The second threshold question of whether partners’ fiduciary duties and obligations precede all other New York public policy concerns is also a question best suited for the Court of Appeals. The attorney-client relationship is hailed as particularly sacred in New York, protected by Rules of Professional Conduct that prohibit the division of a fee between lawyers not associated in the same firm, unless a number of exceptions apply. If the No Compensation Rule was read to require post-dissolution hourly fee matters to be assets subject to the unfinished business doctrine, client fees would be split across firms operating and dissolved. A conflict in the operation of law and code regulating conduct would result. If Judge Pauley is correct to understand New York law as requiring resolution of the conflict between statute and a rule of professional conduct by reading them consistently and in any manner that represents a “‘fair construction’ that yields ‘a reasonable field of operation for both statutes,’” he has at least provided a possible explanation for its result. However, he fails to adequately fulfill his mandate to determine what the state’s highest court would have done in the circumstances.

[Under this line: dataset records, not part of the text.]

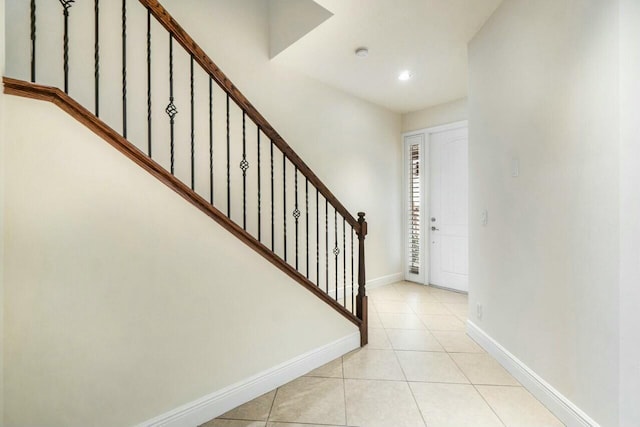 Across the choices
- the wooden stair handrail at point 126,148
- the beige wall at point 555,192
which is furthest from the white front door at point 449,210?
the wooden stair handrail at point 126,148

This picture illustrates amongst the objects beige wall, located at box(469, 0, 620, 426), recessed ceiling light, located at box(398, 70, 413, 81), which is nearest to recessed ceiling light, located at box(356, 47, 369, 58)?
recessed ceiling light, located at box(398, 70, 413, 81)

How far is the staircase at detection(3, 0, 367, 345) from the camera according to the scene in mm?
1446

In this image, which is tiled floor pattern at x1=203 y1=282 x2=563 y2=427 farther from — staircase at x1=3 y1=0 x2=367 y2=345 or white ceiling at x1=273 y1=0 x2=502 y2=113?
white ceiling at x1=273 y1=0 x2=502 y2=113

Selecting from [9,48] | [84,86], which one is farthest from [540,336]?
[9,48]

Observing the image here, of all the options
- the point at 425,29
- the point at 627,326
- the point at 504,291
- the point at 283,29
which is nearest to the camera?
the point at 627,326

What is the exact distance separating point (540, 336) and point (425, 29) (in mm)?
2452

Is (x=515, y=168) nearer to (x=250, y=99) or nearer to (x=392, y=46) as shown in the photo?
(x=392, y=46)

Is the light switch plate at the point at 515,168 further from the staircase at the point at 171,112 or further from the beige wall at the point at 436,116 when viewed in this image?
the beige wall at the point at 436,116

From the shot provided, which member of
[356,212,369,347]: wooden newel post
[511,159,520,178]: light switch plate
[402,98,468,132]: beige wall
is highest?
[402,98,468,132]: beige wall

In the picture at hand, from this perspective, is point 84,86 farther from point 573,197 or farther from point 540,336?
point 540,336

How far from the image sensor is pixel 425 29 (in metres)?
→ 2.40

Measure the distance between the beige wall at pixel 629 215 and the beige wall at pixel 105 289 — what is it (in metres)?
1.80

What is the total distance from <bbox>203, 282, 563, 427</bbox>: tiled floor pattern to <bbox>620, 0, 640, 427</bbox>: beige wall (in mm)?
524

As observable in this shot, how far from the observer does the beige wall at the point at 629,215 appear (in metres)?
1.19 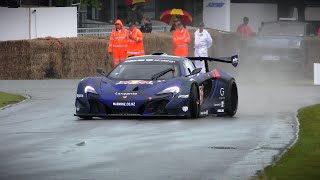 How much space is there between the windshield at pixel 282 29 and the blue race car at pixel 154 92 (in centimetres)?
1689

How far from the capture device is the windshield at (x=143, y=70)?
19.1 m

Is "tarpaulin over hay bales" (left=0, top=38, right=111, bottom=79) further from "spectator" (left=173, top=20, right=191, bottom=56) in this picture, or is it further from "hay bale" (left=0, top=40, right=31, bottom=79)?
"spectator" (left=173, top=20, right=191, bottom=56)

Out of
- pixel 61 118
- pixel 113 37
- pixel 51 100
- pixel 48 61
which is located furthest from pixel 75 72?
pixel 61 118

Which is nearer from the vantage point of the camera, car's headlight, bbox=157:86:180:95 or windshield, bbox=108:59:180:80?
car's headlight, bbox=157:86:180:95

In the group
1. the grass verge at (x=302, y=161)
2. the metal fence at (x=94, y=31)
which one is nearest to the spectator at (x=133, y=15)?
the metal fence at (x=94, y=31)

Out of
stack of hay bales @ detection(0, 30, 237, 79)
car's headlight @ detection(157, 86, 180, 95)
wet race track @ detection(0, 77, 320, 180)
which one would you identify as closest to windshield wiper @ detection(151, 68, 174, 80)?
car's headlight @ detection(157, 86, 180, 95)

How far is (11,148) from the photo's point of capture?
13.9 meters

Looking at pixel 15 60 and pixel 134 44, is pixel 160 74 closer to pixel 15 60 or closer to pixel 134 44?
pixel 134 44

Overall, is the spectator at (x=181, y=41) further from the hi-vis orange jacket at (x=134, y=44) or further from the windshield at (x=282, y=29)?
the windshield at (x=282, y=29)

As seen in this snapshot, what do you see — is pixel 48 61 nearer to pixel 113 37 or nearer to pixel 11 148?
pixel 113 37

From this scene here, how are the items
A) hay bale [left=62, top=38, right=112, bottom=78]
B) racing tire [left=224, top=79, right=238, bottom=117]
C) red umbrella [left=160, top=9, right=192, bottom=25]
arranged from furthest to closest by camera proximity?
red umbrella [left=160, top=9, right=192, bottom=25]
hay bale [left=62, top=38, right=112, bottom=78]
racing tire [left=224, top=79, right=238, bottom=117]

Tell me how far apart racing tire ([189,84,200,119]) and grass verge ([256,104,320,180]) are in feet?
6.73

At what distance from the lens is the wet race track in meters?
11.6

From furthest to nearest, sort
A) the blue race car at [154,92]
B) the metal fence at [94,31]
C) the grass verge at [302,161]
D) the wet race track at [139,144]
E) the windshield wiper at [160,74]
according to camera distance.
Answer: the metal fence at [94,31], the windshield wiper at [160,74], the blue race car at [154,92], the wet race track at [139,144], the grass verge at [302,161] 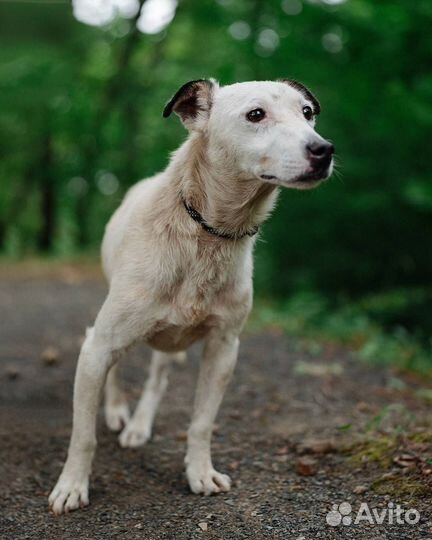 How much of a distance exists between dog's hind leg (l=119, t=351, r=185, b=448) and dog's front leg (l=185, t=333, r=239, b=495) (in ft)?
2.34

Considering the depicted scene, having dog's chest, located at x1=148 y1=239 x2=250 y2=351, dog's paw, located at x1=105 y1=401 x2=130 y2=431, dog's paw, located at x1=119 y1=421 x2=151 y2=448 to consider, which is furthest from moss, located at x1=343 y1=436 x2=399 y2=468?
dog's paw, located at x1=105 y1=401 x2=130 y2=431

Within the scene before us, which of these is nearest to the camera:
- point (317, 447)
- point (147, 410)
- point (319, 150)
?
point (319, 150)

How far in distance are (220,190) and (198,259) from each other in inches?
13.8

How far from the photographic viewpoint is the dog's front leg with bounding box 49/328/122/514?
3.51 metres

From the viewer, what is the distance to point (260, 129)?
3.28 m

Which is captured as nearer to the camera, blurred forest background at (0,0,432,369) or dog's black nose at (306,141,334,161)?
dog's black nose at (306,141,334,161)

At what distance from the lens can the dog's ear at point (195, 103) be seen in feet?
11.8

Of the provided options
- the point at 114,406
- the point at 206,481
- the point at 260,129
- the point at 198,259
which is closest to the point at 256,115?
the point at 260,129

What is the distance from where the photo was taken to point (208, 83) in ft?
12.0

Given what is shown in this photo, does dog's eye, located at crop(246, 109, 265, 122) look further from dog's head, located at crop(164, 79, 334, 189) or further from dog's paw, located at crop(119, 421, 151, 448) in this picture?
dog's paw, located at crop(119, 421, 151, 448)

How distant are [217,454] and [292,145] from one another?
2.01 metres

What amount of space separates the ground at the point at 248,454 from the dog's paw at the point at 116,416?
82 mm

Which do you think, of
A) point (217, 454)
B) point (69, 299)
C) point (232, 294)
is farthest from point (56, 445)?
point (69, 299)

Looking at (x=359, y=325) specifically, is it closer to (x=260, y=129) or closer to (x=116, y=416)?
(x=116, y=416) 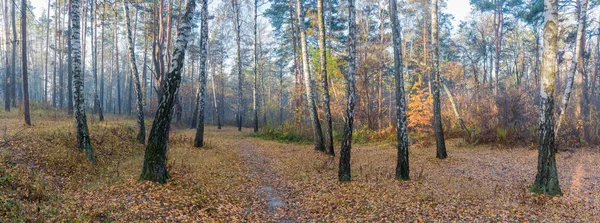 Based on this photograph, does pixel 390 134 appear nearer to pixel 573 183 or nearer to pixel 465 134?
pixel 465 134

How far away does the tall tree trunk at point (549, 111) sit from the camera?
7.02m

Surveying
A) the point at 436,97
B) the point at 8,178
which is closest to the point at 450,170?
the point at 436,97

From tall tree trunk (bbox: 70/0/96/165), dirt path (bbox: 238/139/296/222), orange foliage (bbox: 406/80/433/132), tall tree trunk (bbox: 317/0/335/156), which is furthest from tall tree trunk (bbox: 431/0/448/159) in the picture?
tall tree trunk (bbox: 70/0/96/165)

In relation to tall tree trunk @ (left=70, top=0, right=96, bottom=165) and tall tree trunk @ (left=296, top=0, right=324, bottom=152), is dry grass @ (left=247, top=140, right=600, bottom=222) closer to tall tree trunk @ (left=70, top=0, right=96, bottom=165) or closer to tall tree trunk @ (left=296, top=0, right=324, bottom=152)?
tall tree trunk @ (left=296, top=0, right=324, bottom=152)

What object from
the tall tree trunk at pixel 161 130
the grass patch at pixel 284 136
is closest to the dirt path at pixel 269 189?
the tall tree trunk at pixel 161 130

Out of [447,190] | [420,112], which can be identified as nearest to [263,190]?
[447,190]

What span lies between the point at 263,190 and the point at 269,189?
0.69 feet

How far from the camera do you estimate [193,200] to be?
21.5 ft

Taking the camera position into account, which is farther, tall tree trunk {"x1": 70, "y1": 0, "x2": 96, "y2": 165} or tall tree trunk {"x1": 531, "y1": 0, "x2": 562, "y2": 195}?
tall tree trunk {"x1": 70, "y1": 0, "x2": 96, "y2": 165}

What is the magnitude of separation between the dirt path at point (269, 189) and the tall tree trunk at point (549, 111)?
5.95 metres

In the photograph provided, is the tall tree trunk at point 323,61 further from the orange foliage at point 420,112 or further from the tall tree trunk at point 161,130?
the orange foliage at point 420,112

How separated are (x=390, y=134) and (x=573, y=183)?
11411 mm

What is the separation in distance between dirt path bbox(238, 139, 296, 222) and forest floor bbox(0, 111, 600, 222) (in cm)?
3

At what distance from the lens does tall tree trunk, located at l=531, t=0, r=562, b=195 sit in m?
7.02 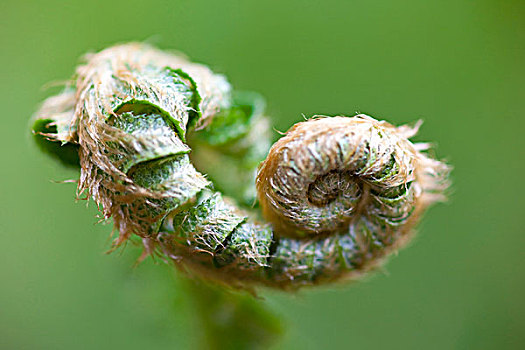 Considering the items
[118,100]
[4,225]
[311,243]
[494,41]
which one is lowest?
[4,225]

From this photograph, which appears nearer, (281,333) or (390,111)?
(281,333)

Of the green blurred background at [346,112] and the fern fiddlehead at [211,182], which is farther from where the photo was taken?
the green blurred background at [346,112]

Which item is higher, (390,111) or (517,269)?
(390,111)

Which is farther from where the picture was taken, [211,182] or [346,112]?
[346,112]

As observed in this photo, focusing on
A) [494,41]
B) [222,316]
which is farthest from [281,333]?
[494,41]

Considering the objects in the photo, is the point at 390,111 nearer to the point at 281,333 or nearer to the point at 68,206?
the point at 281,333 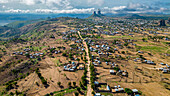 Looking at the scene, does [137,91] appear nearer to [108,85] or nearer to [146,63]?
[108,85]

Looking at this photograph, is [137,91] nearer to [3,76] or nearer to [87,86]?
[87,86]

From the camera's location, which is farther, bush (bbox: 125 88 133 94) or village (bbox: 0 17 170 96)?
village (bbox: 0 17 170 96)

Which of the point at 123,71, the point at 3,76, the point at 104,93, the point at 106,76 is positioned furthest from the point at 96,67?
the point at 3,76

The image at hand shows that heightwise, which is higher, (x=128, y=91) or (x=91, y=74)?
(x=91, y=74)

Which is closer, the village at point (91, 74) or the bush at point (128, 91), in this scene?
the bush at point (128, 91)

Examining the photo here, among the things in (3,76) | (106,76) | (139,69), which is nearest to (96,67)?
(106,76)

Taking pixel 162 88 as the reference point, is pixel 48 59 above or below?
above

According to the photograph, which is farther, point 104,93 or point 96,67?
point 96,67

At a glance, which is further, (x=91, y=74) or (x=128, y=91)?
(x=91, y=74)

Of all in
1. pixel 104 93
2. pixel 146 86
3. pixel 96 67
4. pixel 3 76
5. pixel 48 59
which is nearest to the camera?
pixel 104 93

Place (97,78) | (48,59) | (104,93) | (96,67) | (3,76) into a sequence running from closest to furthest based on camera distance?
1. (104,93)
2. (97,78)
3. (3,76)
4. (96,67)
5. (48,59)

His decision merely follows non-binding rationale of the lower courts and distinguishes the case from existing Second Circuit precedent on the basis of the applicable fee arrangement. Client interests may lead the way for a policy-based decision, but the Court of Appeals need not tip-toe around the facts as Judge Pauley does.
One final argument to entertain on appeal is whether recognizing a property interest in legal fee matters is consistent with the court’s treatment of assets in bankruptcy litigation. Judge Pauley’s opinion in Thelen asserts the recognition of a property interest in hourly fee matters would call for questionable treatment of a client’s right to freely change attorneys. For example, a client that releases a law firm from its obligations would violate the automatic bankruptcy stay. Citing the Supreme Court, Butner v. United States, 440 U.S. 48, 55 (1979), Judge Pauley indicates “there is no reason why property interests should be analyzed differently simply because an interested party is involved in a bankruptcy proceeding.” This is perhaps the most convincing argument both for and against finding a property interest. On the one hand, findings of fact in one forum must be applicable in bankruptcy proceedings; on the other, if a property interest is recognized in contingent fee matters, shouldn’t the same client protections apply?